--- Data to process ---

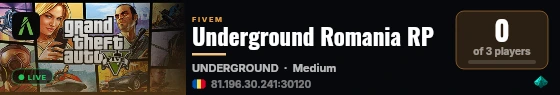 Underground Romania RP live status badge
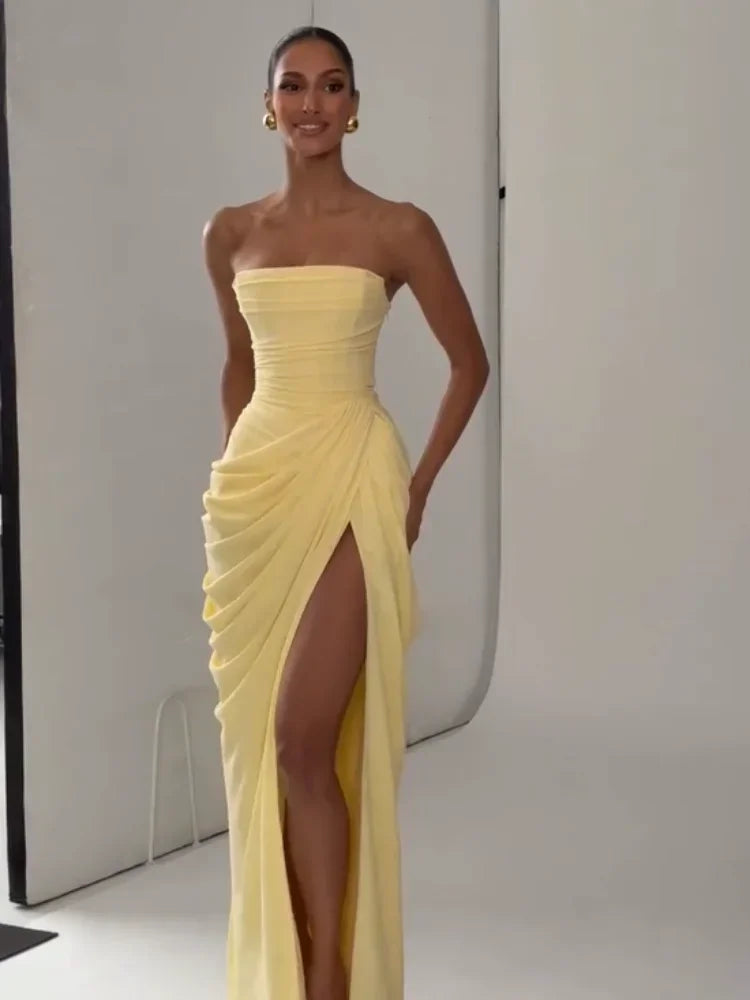 Sexy Women Solid Pleated Strapless Chic Dress Lady V-neck Off-shoulder Backless High Waist Split Vestido 2026 Evening Party Gown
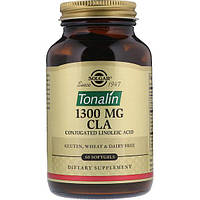 CLA для зниження ваги Solgar Tonalin CLA 1300 mg 60 Softgels SM, код: 7519181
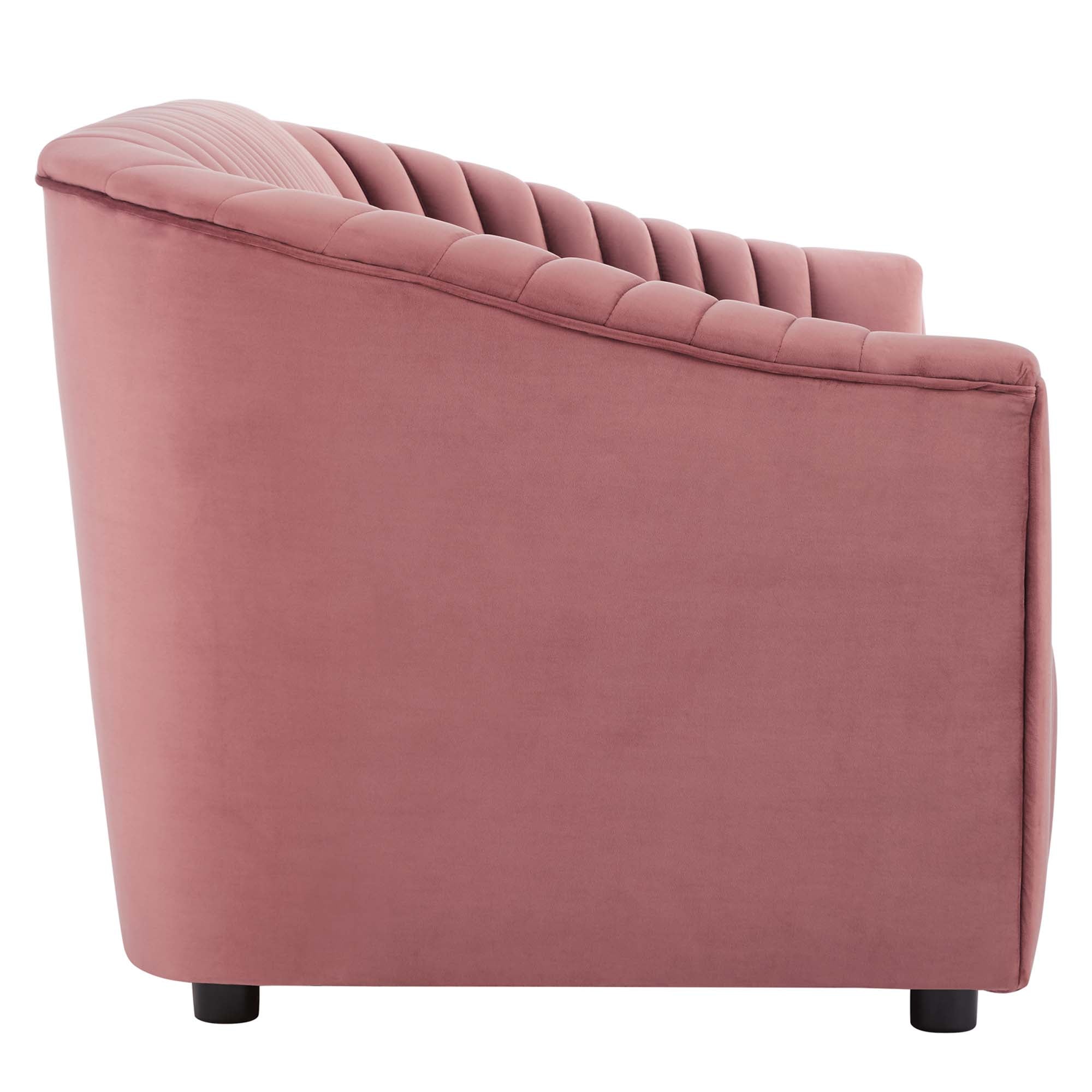 Announce Performance Velvet Channel Tufted Loveseat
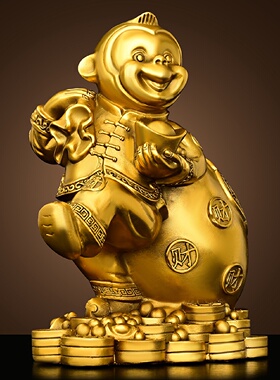 全黄铜猴子摆件十二生肖12金属猴金福猴家居工艺品桌面装饰礼品纯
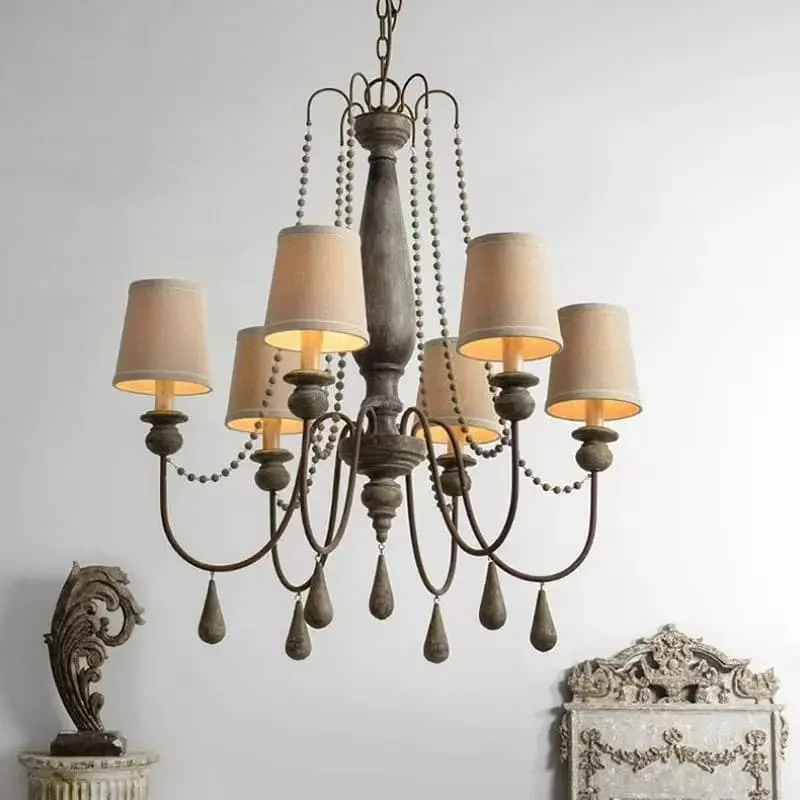 American Style Rural Rustic Solid Wood Retro Chandelier With Lamp Shade In Living Room Dining Room Bedroom Lighting Fixtures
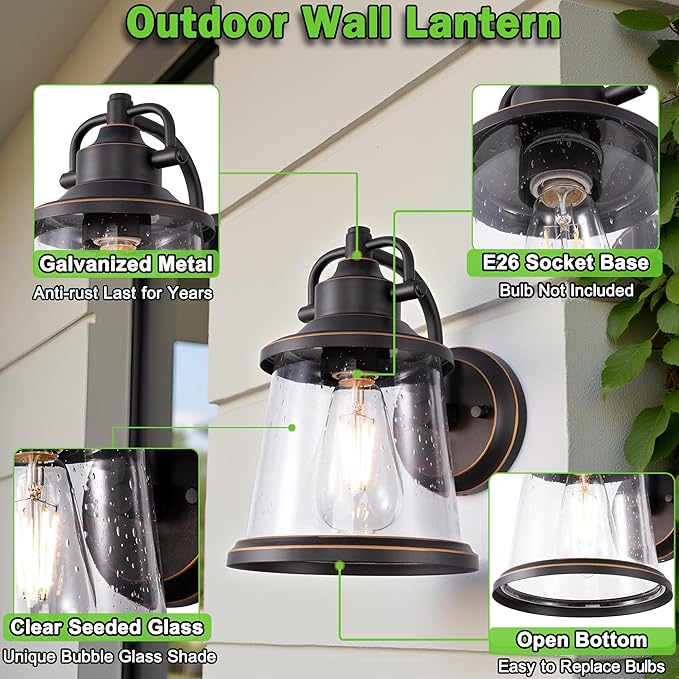 GRUENLICH Outdoor Wall Lantern, Wall Sconce as Porch Lighting Fixture, E26 Medium Base, Metal Housing Plus Seeded Glass, Oil Rubbed Bronze Finish, Bulb Not Included, 1-Pack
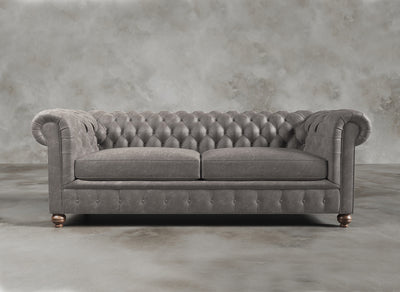 Chesterfield Sofa I Real Italian Leather I Ashen I Grey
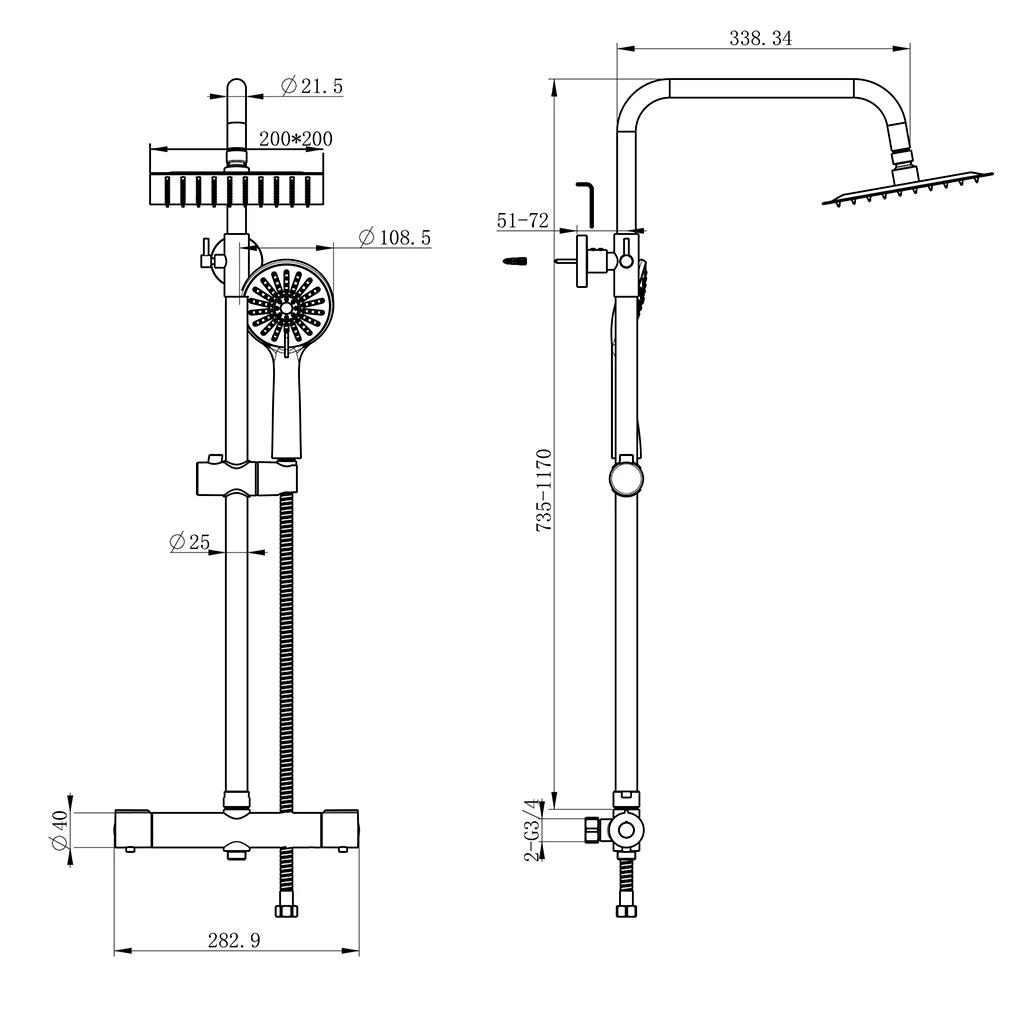 AICA Colonna Doccia con Miscelatore Termostatico, Set Doccia Completo, Rubinetto Doccia, Soffione Doccia Quadrato in Acciaio Inox, Altezza Regolabile, Matt Black / Cromato - Image 7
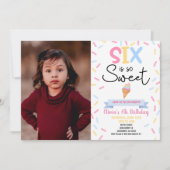 アイスクリームシックスは甘い6th誕生日パーティー 招待状 (正面)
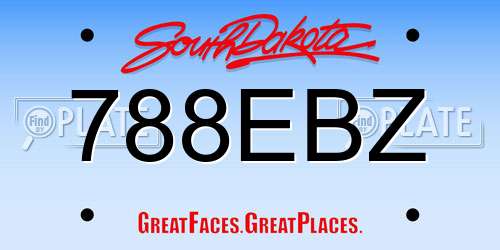 788EBZ South Dakota License Plate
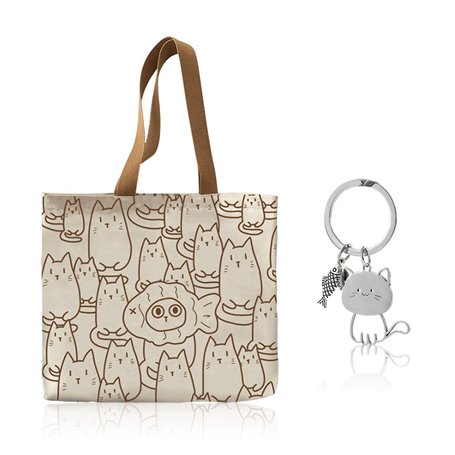 1 Sac En Toile Motif Chat Et 1 Porte-Clés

---

**Required action:** Repeat the entries exactly. Any picture is to be left out.

**Exercise result:**
 Underground Romania RP live status badge
 Sexy Women Solid Pleated Strapless Chic Dress Lady V-neck Off-shoulder Backless High Waist Split Vestido 2026 Evening Party Gown
 CLA для зниження ваги Solgar Tonalin CLA 1300 mg 60 Softgels SM, код: 7519181
 Announce Performance Velvet Channel Tufted Loveseat
 全黄铜猴子摆件十二生肖12金属猴金福猴家居工艺品桌面装饰礼品纯
 American Style Rural Rustic Solid Wood Retro Chandelier With Lamp Shade In Living Room Dining Room Bedroom Lighting Fixtures
 GRUENLICH Outdoor Wall Lantern, Wall Sconce as Porch Lighting Fixture, E26 Medium Base, Metal Housing Plus Seeded Glass, Oil Rubbed Bronze Finish, Bulb Not Included, 1-Pack
 Chesterfield Sofa I Real Italian Leather I Ashen I Grey
 AICA Colonna Doccia con Miscelatore Termostatico, Set Doccia Completo, Rubinetto Doccia, Soffione Doccia Quadrato in Acciaio Inox, Altezza Regolabile, Matt Black / Cromato - Image 7
 アイスクリームシックスは甘い6th誕生日パーティー 招待状 (正面)
 788EBZ South Dakota License Plate
 1 Sac En Toile Motif Chat Et 1 Porte-Clés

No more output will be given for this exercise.